Un successo soprattutto per l'avvocato Francesco Albanese del foro di Reggio Calabria, difensore di Maria Antonietta Gallico, Vincenzo Sgrò e Carmelo Sgrò (quest'ultimo insieme all'avvocato Gianni Russano del foro di Catanzaro): tutti assolti totalmente e immediatamente scarcerati. Il legale difendeva anche Rosario Sgrò, che ha avuto una riduzione di pena, così come Domenico Gallico la cui imputazione per associazione mafiosa è stata riqualificata a quella di procurata inosservanza della pena per la latitanza di Rocco Gallico.

Il sostituto procuratore generale presso la Corte d'Appello di Reggio Calabria, Adriana Fimiani, aveva chiesto la conferma della condanna, con cui il Gup Antonino Laganà aveva condannato a oltre 150 anni di carcere boss e affiliati alla potente cosca Gallico di Palmi, avvalorando, all'esito del giudizio abbreviato, l'impianto accusatorio portato avanti dai pubblici ministeri Roberto Di Palma e Giovanni Musarò. Il processo scaturisce da un'operazione che andò a colpire i vertici dei clan Gallico-Morgante-Sgrò-Sciglitano di Palmi, e i Bruzzise-Parrello del "locale" di Barritteri e Seminara.

La pena più alta fu comminata dal Gup nei confronti del vecchio patriarca Umberto Bellocco, condannato a diciotto anni di reclusione. Sarebbe stato proprio il vecchio boss Umberto Bellocco, capo dell'omonimo clan che, da sempre, divide con la cosca Pesce il controllo di Rosarno, a stabilire chi avesse diritto a ricevere la tangente del 3% sul capitolato d'appalto dei lavori della Salerno-Reggio Calabria.
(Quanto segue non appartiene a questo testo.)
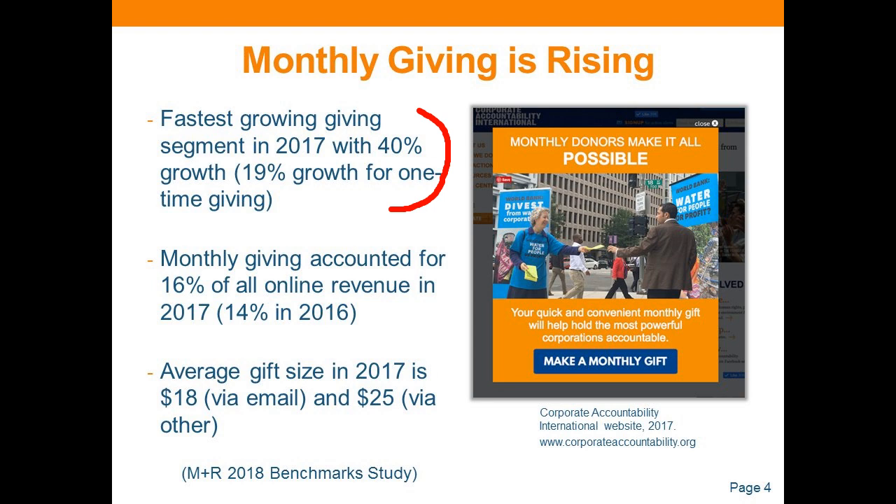One-time giving grew at almost 20%, but monthly giving is growing at about twice that pace. In 2017, monthly giving accounts for about 16% of online revenue, up from 14% the year before. The average gift size in 2017 was about $18 when people give via email campaigns, and slightly higher — around $25 — when people are giving directly on your donation page. These average gift size amounts can be useful when folks are putting together budgets or making estimates.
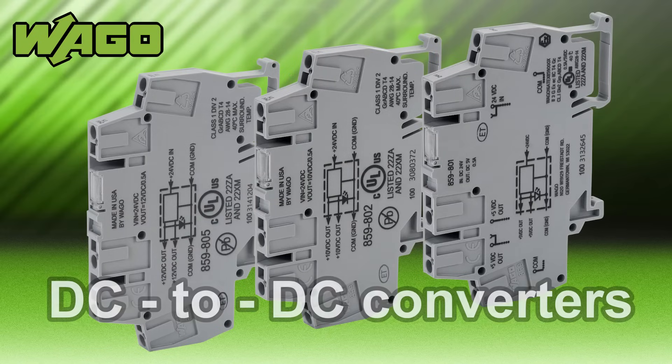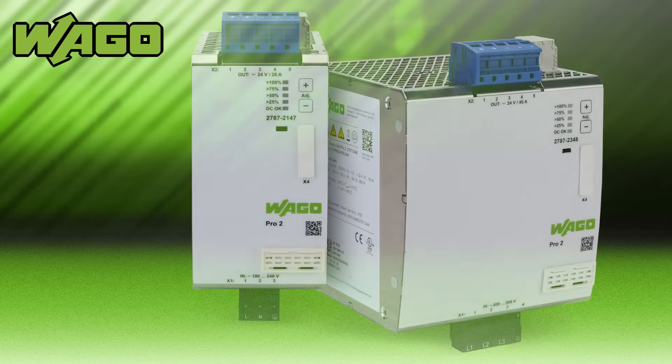Check out the Wago DIN rail mount DC to DC converters that are compact, terminal block style, and optimize cabinet space. They accept a wide range of DC source inputs and convert them to the required voltage levels.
In appello, però, l'accusa per il presunto boss Bellocco è caduta totalmente.

Per l'uomo – al pari di Lucia Gallico, Maria Antonietta Gallico, Carmelo, Vincenzo ed Elena Sgrò – la Corte ha disposto la scarcerazione, se non detenuto per altra causa.
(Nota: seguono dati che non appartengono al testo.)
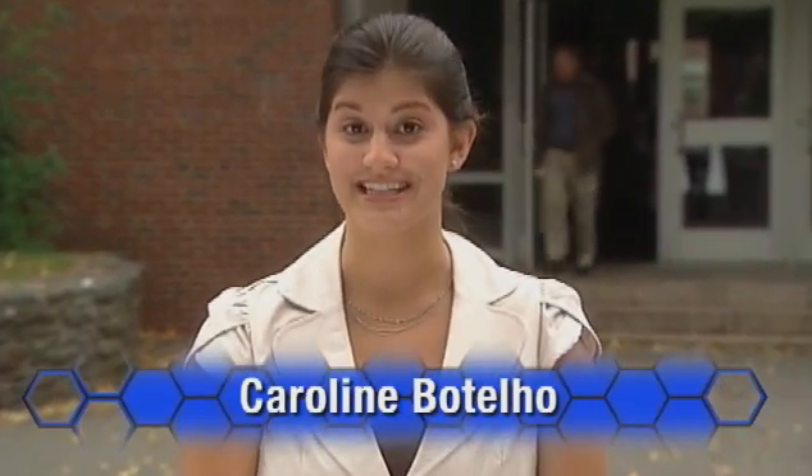Interested in biology, chemistry, and science? Looking for an exciting career in a growing industry? Let's see what's happening at Southwestern College in San Diego.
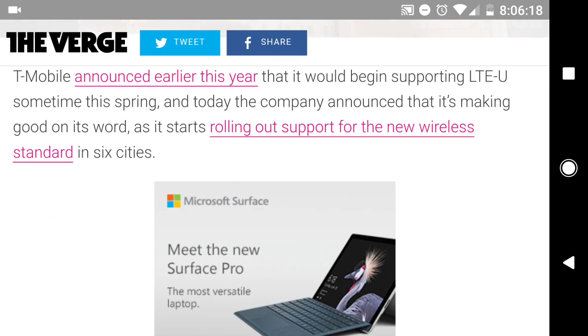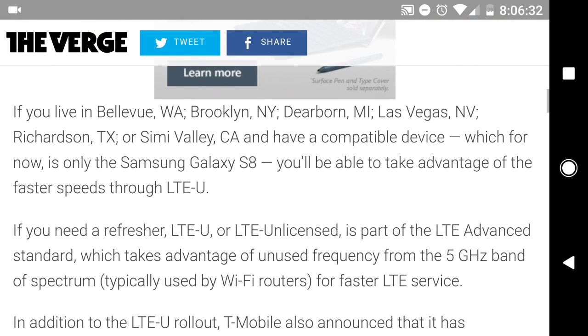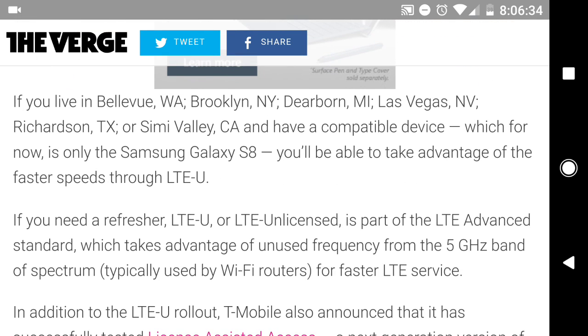What they're calling LTU is basically an unlicensed band of spectrum that T-Mobile has obtained. It previously hasn't been used or utilized by T-Mobile, so this is new to them. What they're doing with this unlicensed spectrum is they're basically going to take the 5 GHz band of spectrum and achieve some really high speeds. Theoretically, we're supposed to see speeds of about 750 megabits per second on the download, which is fantastic — that's almost gigabit speed.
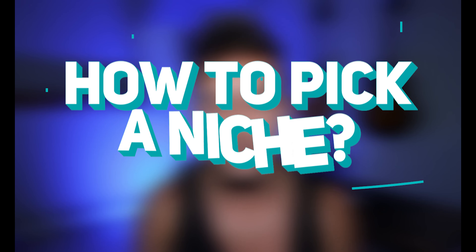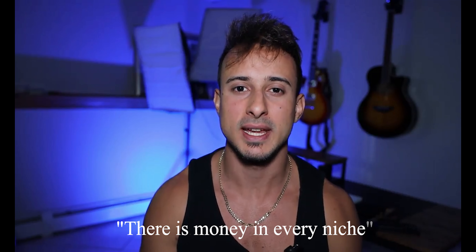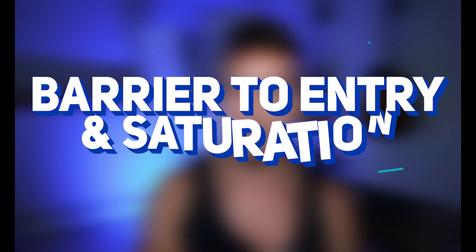Welcome to part two of the niche videos. In this video, I'm going to answer the question of how do you actually pick a niche? Starting off, there is money in every niche, but something I want you to keep in mind are barrier to entry, saturation, and what I call your circle of proximity. Let's start by talking about barrier to entry and saturation.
L'indagine, portata avanti con il coordinamento del procuratore aggiunto Michele Prestipino, svelò infatti un mondo fatto di tangenti per i lavori sulla A3, di omicidi di mafia, ma anche estorsioni e violenze nei confronti di chiunque si rapportasse con le cosche. Le 'ndrine, dunque, avrebbero esteso i propri tentacoli sui lavori della A3, un controllo capillare con una chiara divisione della A3 in zone di competenza, con riferimento ai territori "amministrati" dalle varie cosche. Un controllo che si manifestava, soprattutto, con il pagamento, da parte del Contraente Generale (il Consorzio Scilla, formato da Impregilo S.p.a. e Condotte S.p.a.) di una cosiddetta "tassa di sicurezza", sborsata per evitare problemi e versata ai rappresentanti della 'ndrangheta, i quali a loro volta provvedevano a ripartire le quote ai vari rappresentanti delle 'ndrine legittimate alla spartizione. La sentenza della Corte d'appello, tuttavia, ridimensiona la portata dell'impianto accusatorio della Dda, che invece era stato avvalorato dal Gup Laganà.